President Donald Trump’s effort to defund public schools with diversity, equity, and inclusion programs faced a significant legal setback Thursday as three federal judges, including two Trump appointees, ruled against the Education Department’s controversial enforcement policy.

At the center of the litigation is a Feb. 14 “Dear Colleague” letter from Education Secretary Linda McMahon warning states and school districts that failure to eliminate race-based DEI programs could result in the loss of Title I funds, which support low-income students. Beginning this month, schools receiving federal dollars would be required to certify compliance or risk losing funding.

But U.S. District Judge Landya McCafferty, an Obama appointee in New Hampshire, issued a preliminary injunction in favor of the National Education Association and other plaintiffs, calling the administration’s DEI policy “textbook viewpoint discrimination” and likely a violation of the First Amendment.

“The ban on DEI embodied in the 2025 Letter leaves teachers with a Hobson’s Choice,” McCafferty wrote in her 82-page opinion. “They must either teach curricula that invites penalty from the federal government or risk their professional standing by defying the directive. The Constitution requires more.”

McCafferty also said the department’s vague language failed to define what constitutes a DEI program, concluding the policy likely violated procedural requirements under the Administrative Procedures Act.

In Washington, D.C., U.S. District Judge Dabney Friedrich, a Trump appointee, agreed that the policy was unconstitutionally vague, blocking the department from enforcing a certification requirement attached to the DEI guidance. Friedrich found that the letter “fails to … delineate between a lawful DEI practice and an unlawful one,” rendering compliance reviews unclear.
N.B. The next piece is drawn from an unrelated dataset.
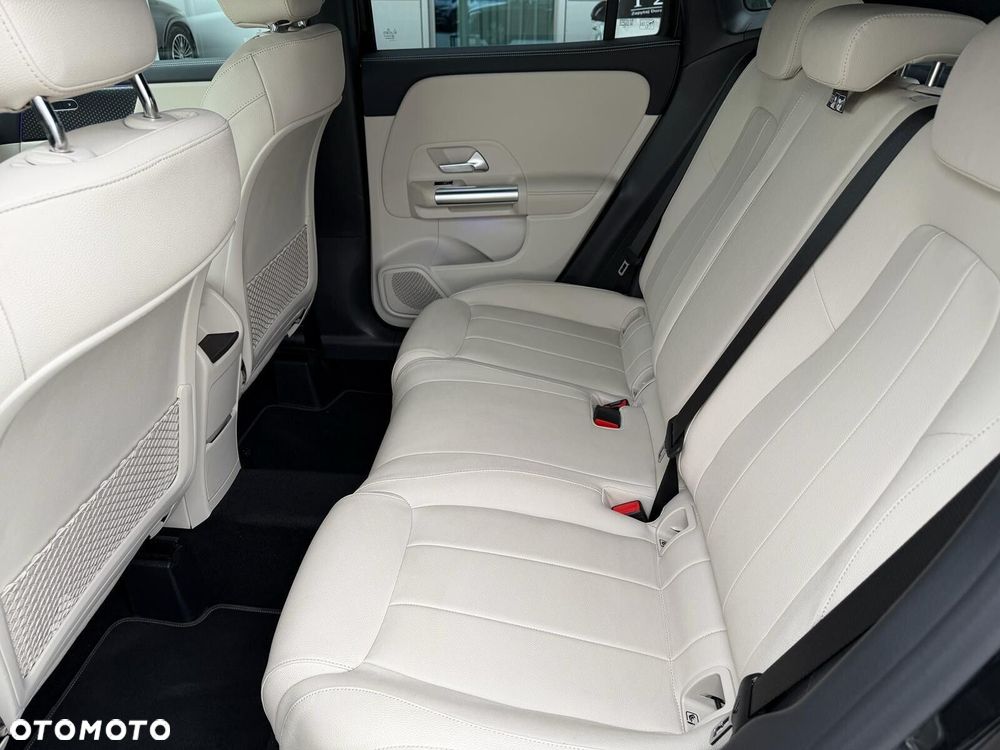 Mercedes-Benz GLA 200 Progressive - 12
Although Friedrich declined to block the broader Dear Colleague letter itself, she noted that further judicial scrutiny was warranted. A full written order is expected soon.

A third ruling came from U.S. District Judge Stephanie Gallagher in Baltimore, also a Trump appointee, who found the Education Department’s implementation of the policy violated federal rulemaking procedures. She issued a nationwide injunction halting portions of the guidance.

“This Court takes no view as to whether the policies at issue here are good or bad, prudent or foolish,” Gallagher wrote. “But this Court is constitutionally required to closely scrutinize whether the government went about creating and implementing them in the manner the law requires. The government did not.”

The rulings follow a temporary agreement between the Trump administration and challengers in the New Hampshire case to pause enforcement of the letter, which expired Thursday.

The Education Department did not respond to a request for comment. A spokesperson for the NEA called the ruling “a win for educators and students across the country.”

Trump, now in his second term, has made dismantling DEI programs a top priority.

STATES DEFYING TRUMP ANTI-DEI DEADLINE RISK LOSING EDUCATION FEDERAL FUNDING

His administration has already pulled billions of dollars in federal contracts from noncompliant universities, revoked student visas tied to DEI activism, and threatened accreditation for schools promoting what it calls “repugnant race-based preferences.”

The administration is expected to appeal the rulings.